# 70-200 f4 IS



## NaturaLight (Feb 2, 2013)

Anyone know how old this lens is, and when it's due to be updated?


----------



## J.R. (Feb 2, 2013)

This was released in 2006 ... Regarding an upgrade timeline my guess is as good as yours.


----------



## RS2021 (Feb 2, 2013)

NaturaLight said:


> Anyone know how old this lens is, and when it's due to be updated?



One of the handful of lenses that is higly regarded in the line up. 

It is rather recent from 2006, so highly unlikely it will be upgraded in the next few years.


----------



## chops411 (Feb 2, 2013)

I bought a used one from amazon a couple weeks ago and i love it.


----------



## J.R. (Feb 2, 2013)

Ray2021 said:


> NaturaLight said:
> 
> 
> > Anyone know how old this lens is, and when it's due to be updated?
> ...



+1

All 70-200 lenses offered by Canon are exceptionally good. As they sell pretty well and with the beast 70-200 2.8 II, they are unlikely to upgrade it ... If it ain't broke, don't fix it


----------



## NaturaLight (Feb 6, 2013)

I read somewhere that canon was updating its older lenses because they didn't have the resolving power to keep up with the latest sensors.


----------



## greger (Feb 6, 2013)

Reviews I read before I bought this lens in November 2008 said the 70-200 F4 IS USM is the sharpest zoom lens that Canon makes. Since then the 70-200 F2.8 IS USM ll has been released and it may be sharper. I use the F4 IS USM the most. I use it with the 1.4 Extender to take BIF pics on my 7D. I got great pics on my 40D with this combo. I am looking forward to this spring and summer to get BIF pics with my 7D. As it takes 67mm filters I can use them on my 17-85 too.

I bought this lens because I didn't think Canon would be updating it anytime in the near future. I felt they would update the 2.8 version next. I was right. I think it was updated in 2010.

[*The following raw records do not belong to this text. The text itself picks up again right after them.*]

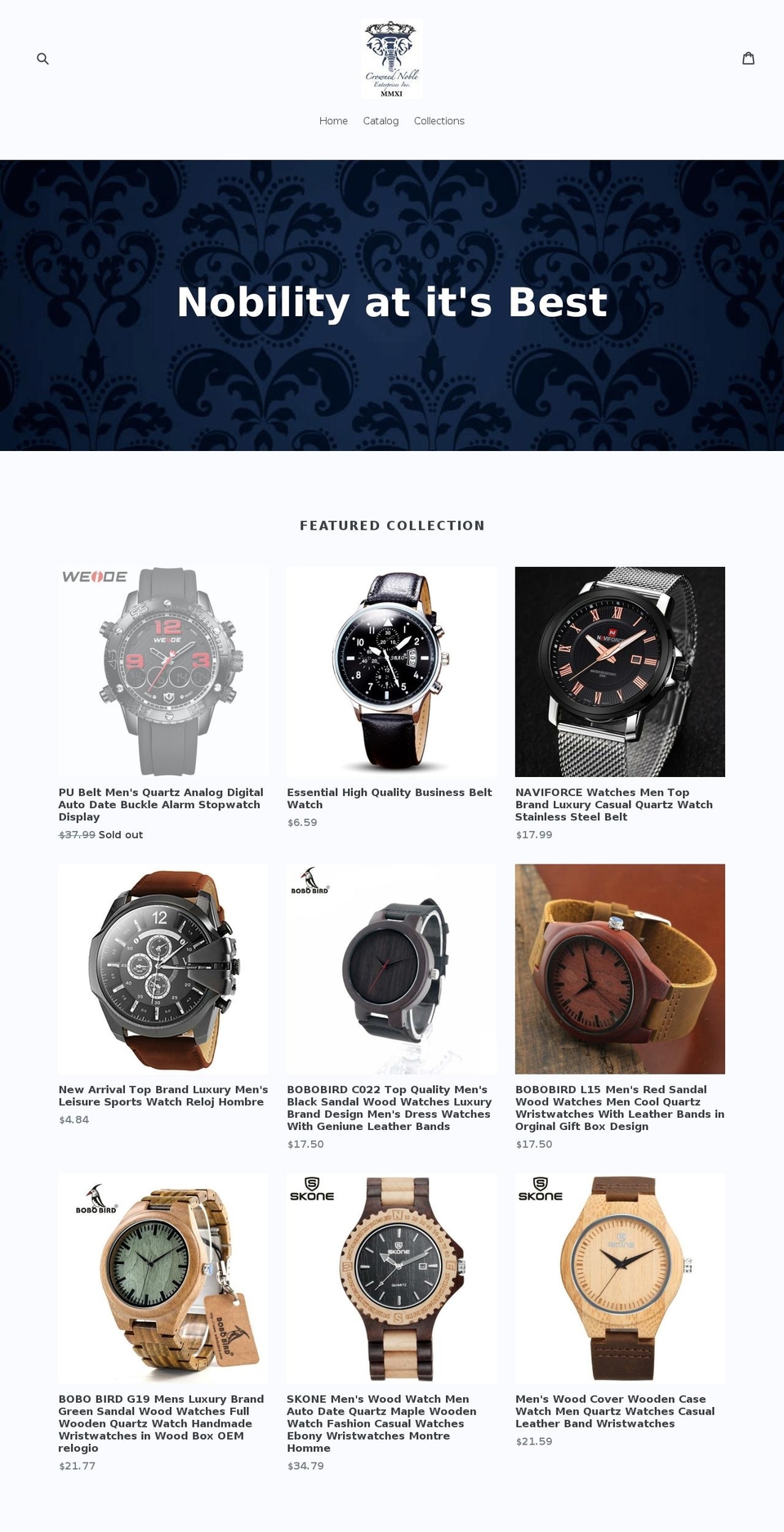 crownednoble.com — Shopify storefront screenshot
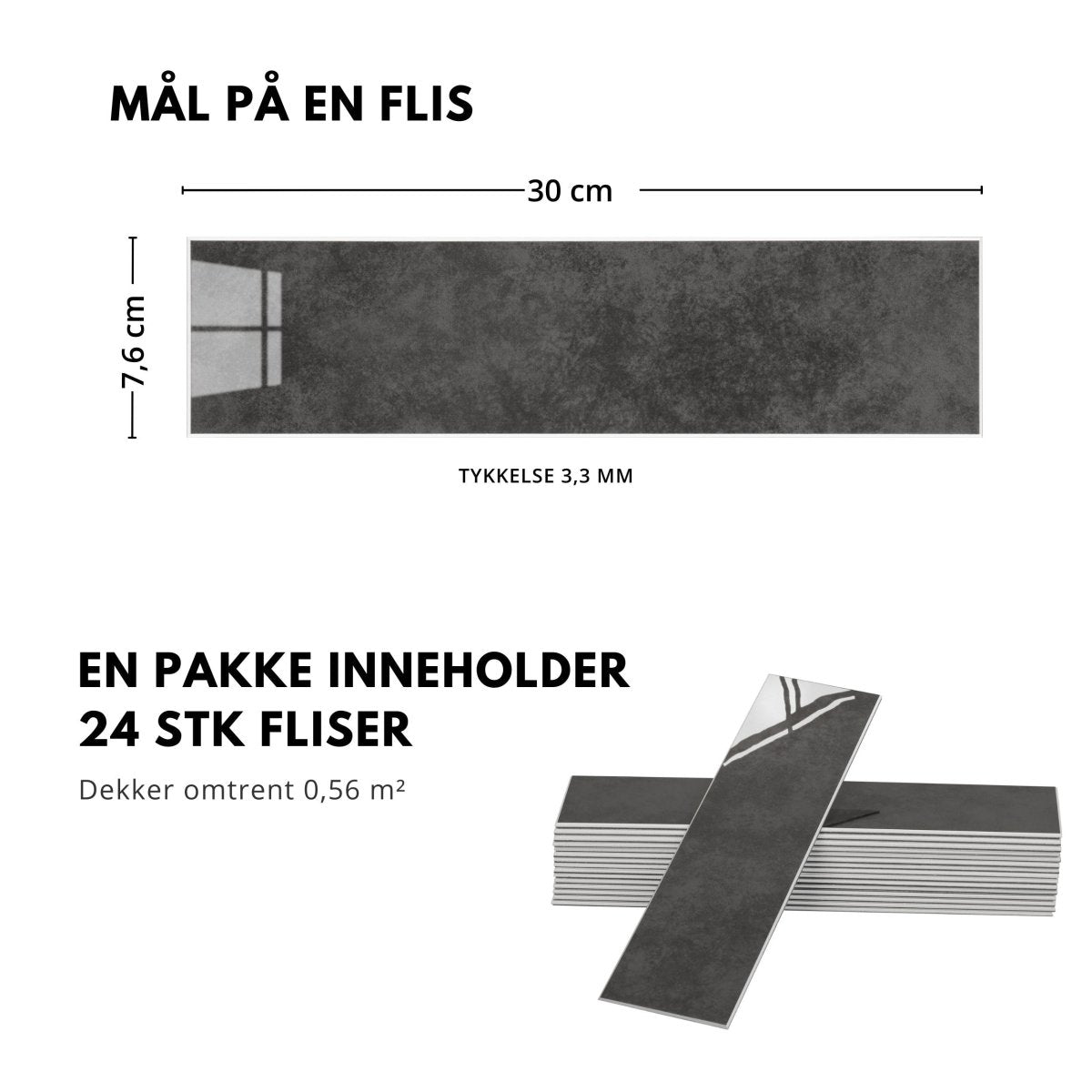 24 - pk Louise gloss antrasitt selvklebende veggfliser - Lindas Dekor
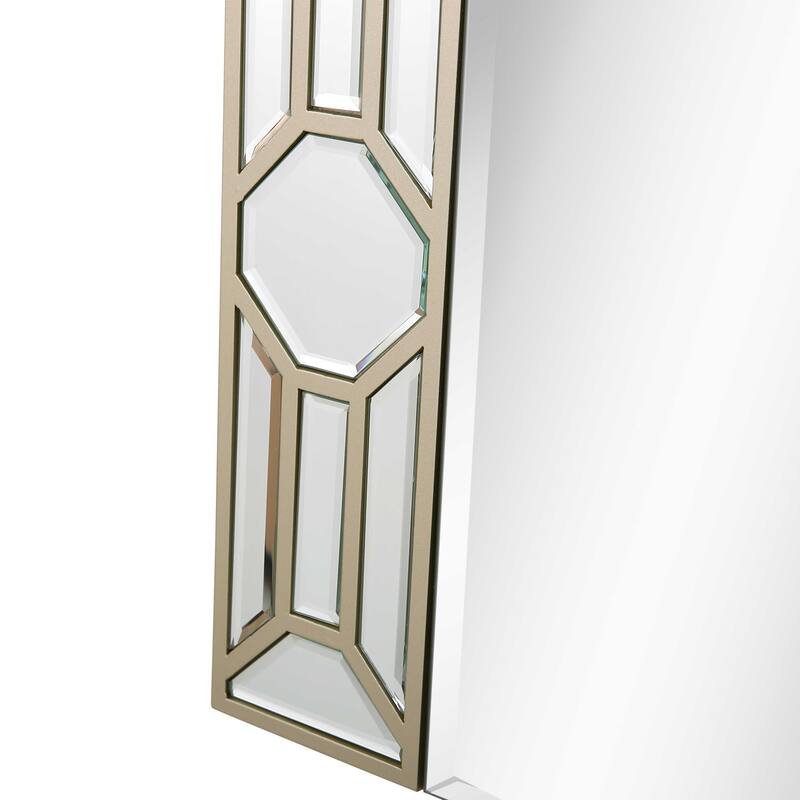 HomeRoots 35" Champagne Accent Wood Framed Mirror - 25.6' X '34.6' X '0.7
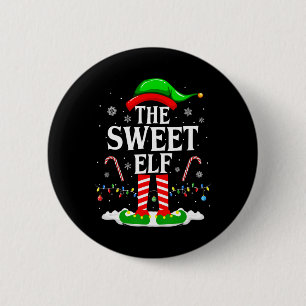The Sweet Elf Xmas Funny Matching Family Group Chr 6 Cm Round Badge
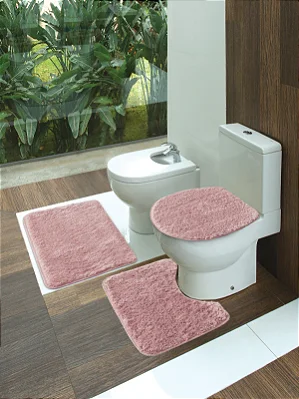 Jogo Banheiro Jolitex Elite 3pcs Rosé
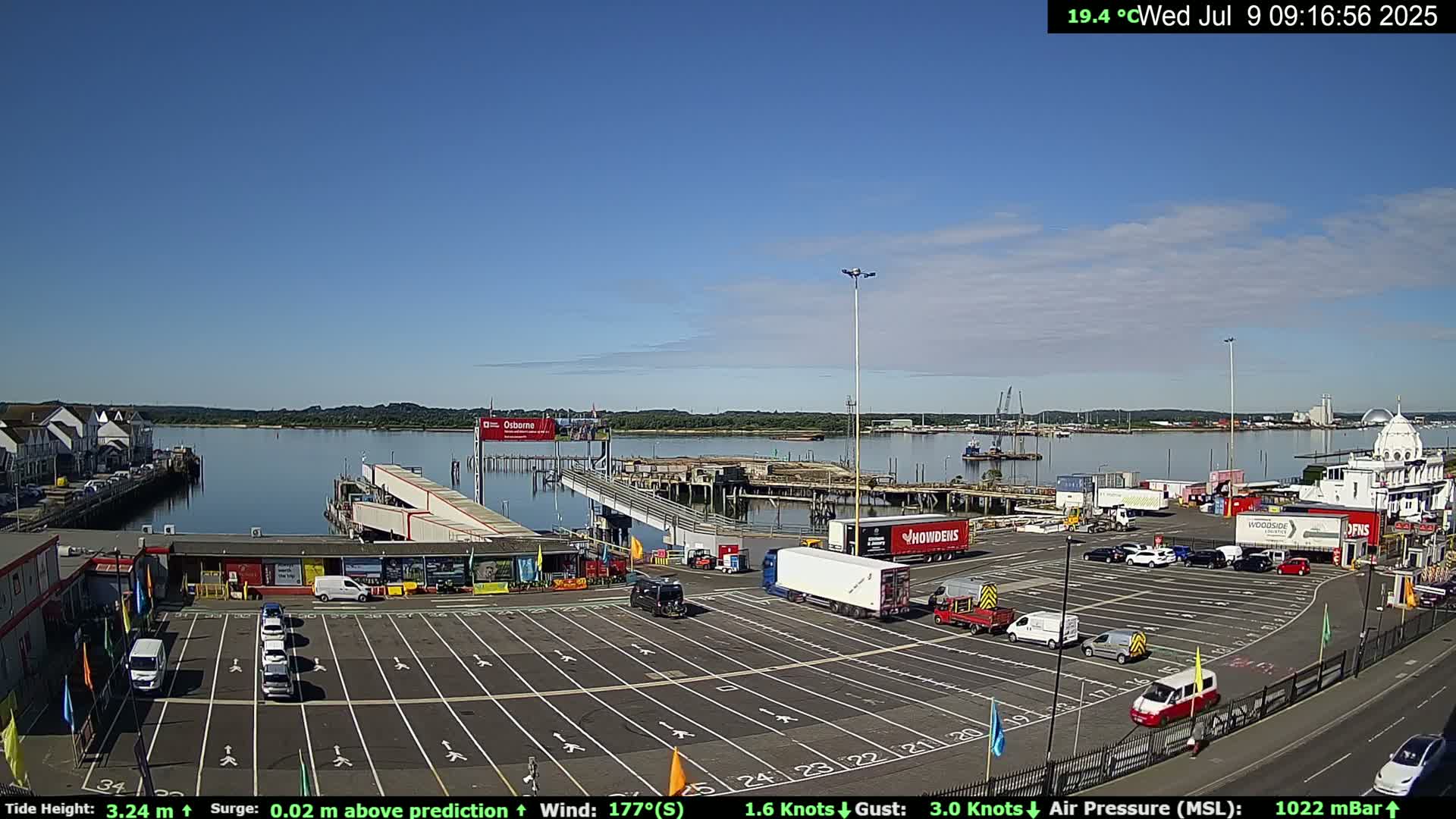 Southampton Vehicle Ferry Terminal Live Cam -  Southampton, Hampshire, South East, England, United Kingdom
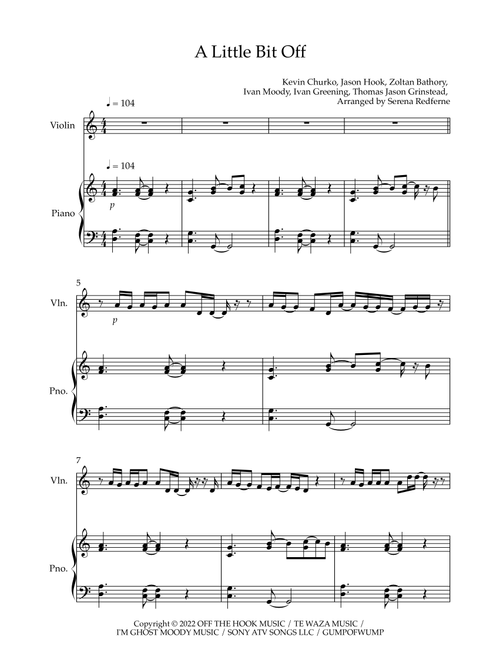 A Little Bit Off (Arr. Serena Redferne) - Five Finger Death Punch (Violin and Piano)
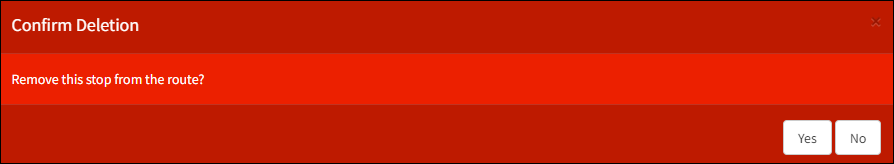 Delete Stop Confirmation Message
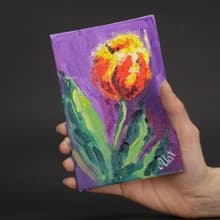 Tulip Oil Painting Small Flower Original Art Impasto Canvas Painting Tiny Art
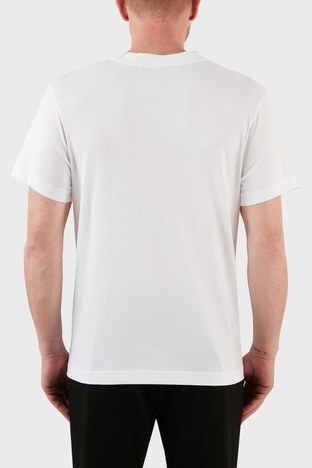 Calvin Klein - Calvin Klein Logolu Bisiklet Yaka % 100 Pamuk Erkek T Shirt J30J320886 YAF BEYAZ (1)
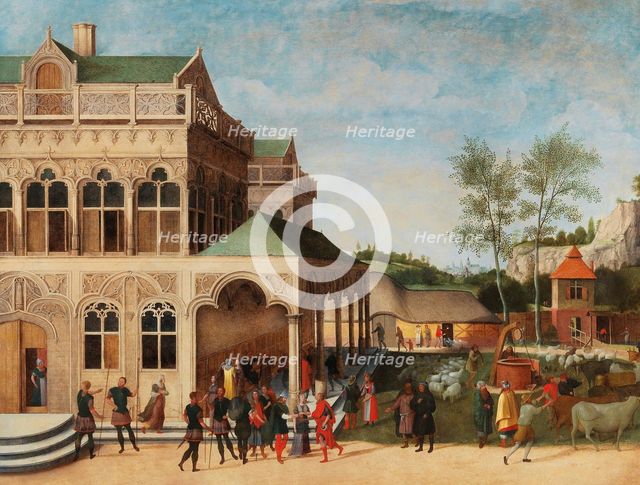 An elegant loggia with the Proposal of Isaac to Rebecca, 1616. Creator: Grimmer, Abel (1570-1619).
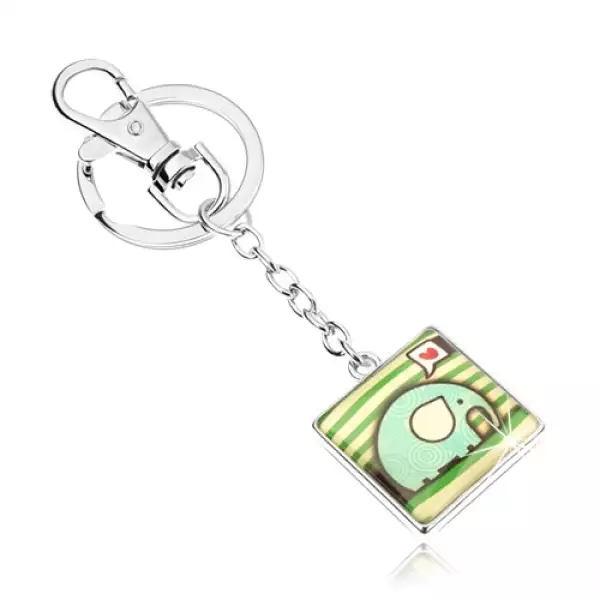 Kulcstartó, négyzet kidomborodó fénymázzal, elefánt spirálokkal, szív, zöld sávok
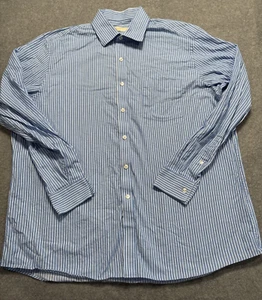 MICHAEL KORS Mens Button-Up Dress Shirt XLarge 17 34/35 White Blue Stripe Cotton - Picture 1 of 8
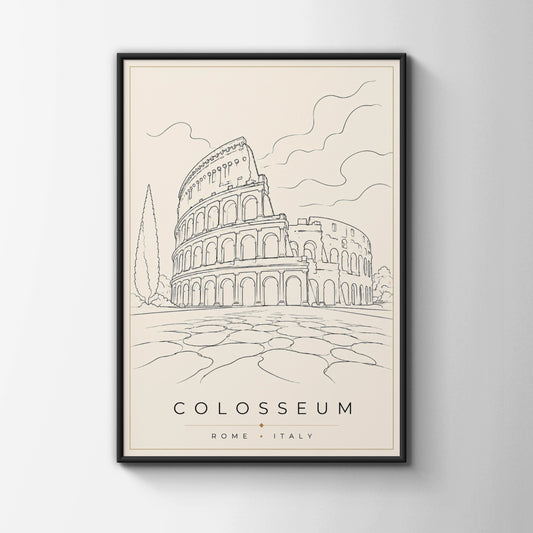 Colosseum Rome Italy Travel Poster, Minimalist Line Art Print, Roman Wall Art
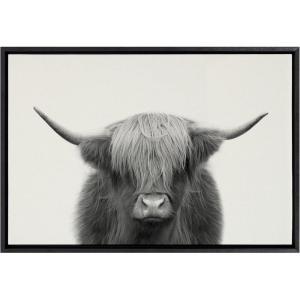 image:imageKate and Laurel Sylvie Hey Dude Highland Cow BW Framed Linen Textured Canvas Wall Art by The Creative Bunch Studio 28x38 Gray Chic Farm Animal Art for WallBlack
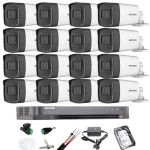 Kit complet supraveghere exterior Hikvision 16 camere 5MP IR 40 m cu HDD 4TB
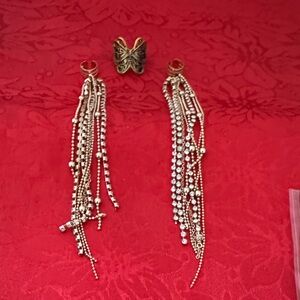 Elegant Gold and Silver EarCuffs and butterfly adjustable ring 6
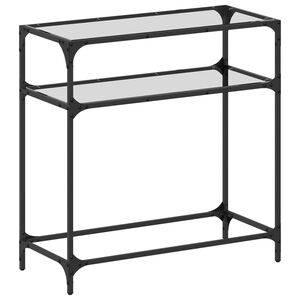 vidaXL Table console avec dessus en verre transparent 80x35x81cm acier
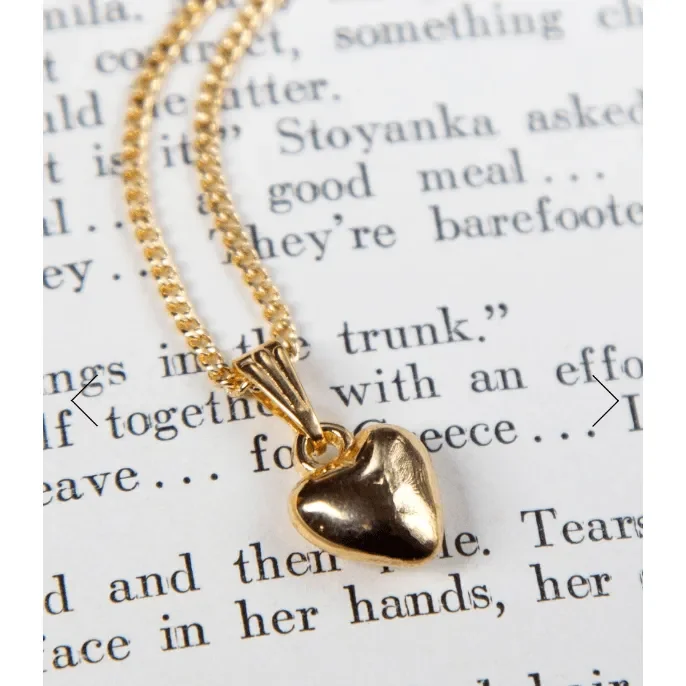 Kindred Objects- Vintage Gold Mini Puff Heart Necklace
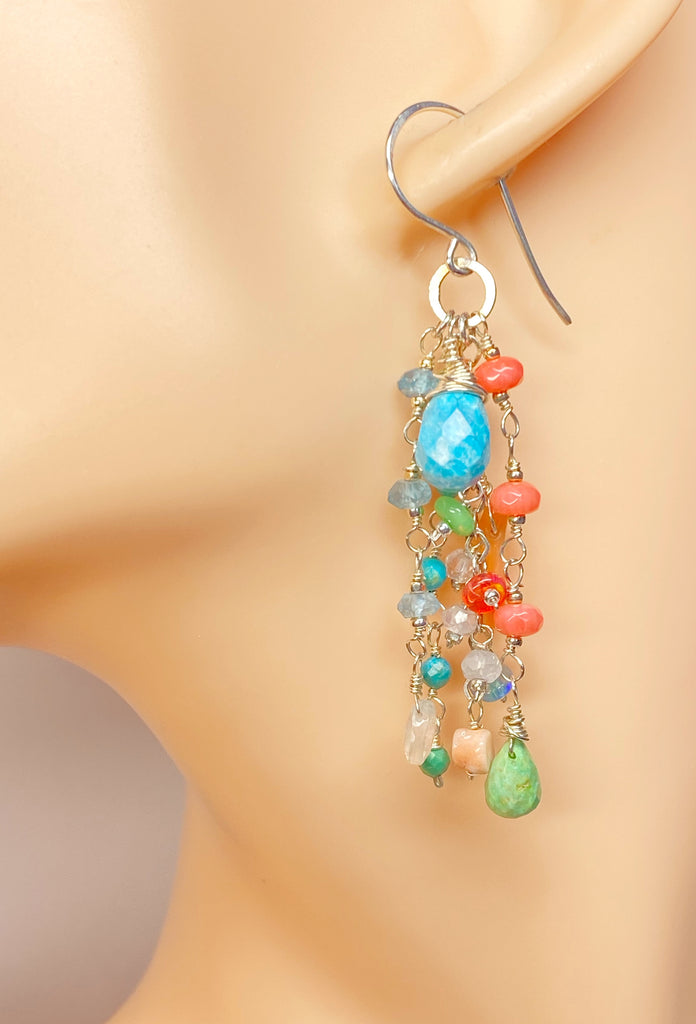 Blue and Green Turquoise Dangle Earrings, Coral, Moonstone, Gemstone 3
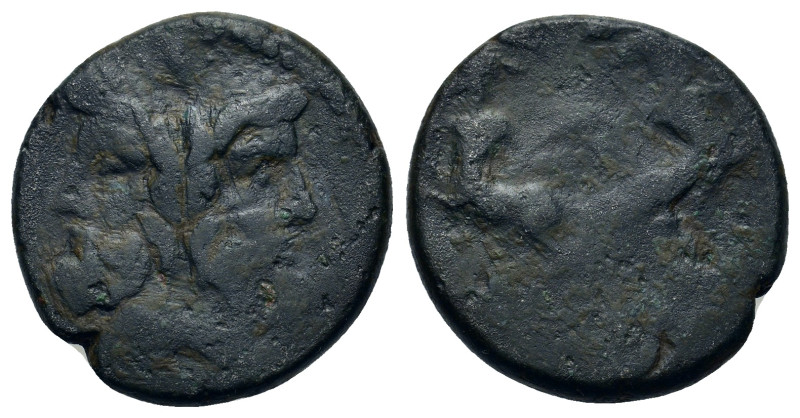 Macedon, Thessalonica, c. 168-166 BC. Æ (21mm, 7.40g). Janiform male head. R/ Tw...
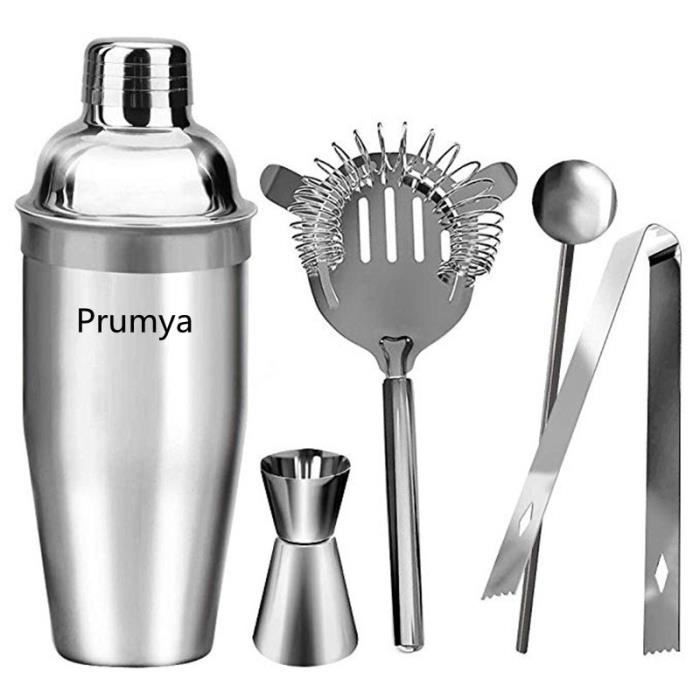 Coctelera - PRUMYA - Kit profesional de 5 piezas - Acero inoxidable - 750 ml - Apta para lavavajillas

I believe the F4 and the 2.8 have the resolving power to keep up with the new sensors. I am quite happy how my lenses
take pics on my 7D I am happier than when I just had the 40D. Raw files look better on the computer straight out of the 7D.


----------



## chayut350d (Feb 8, 2013)

i think it's a Sharpest in canon 70-200 (except 2.8 IS II i haven't use it)
about update soon. i don't think so


----------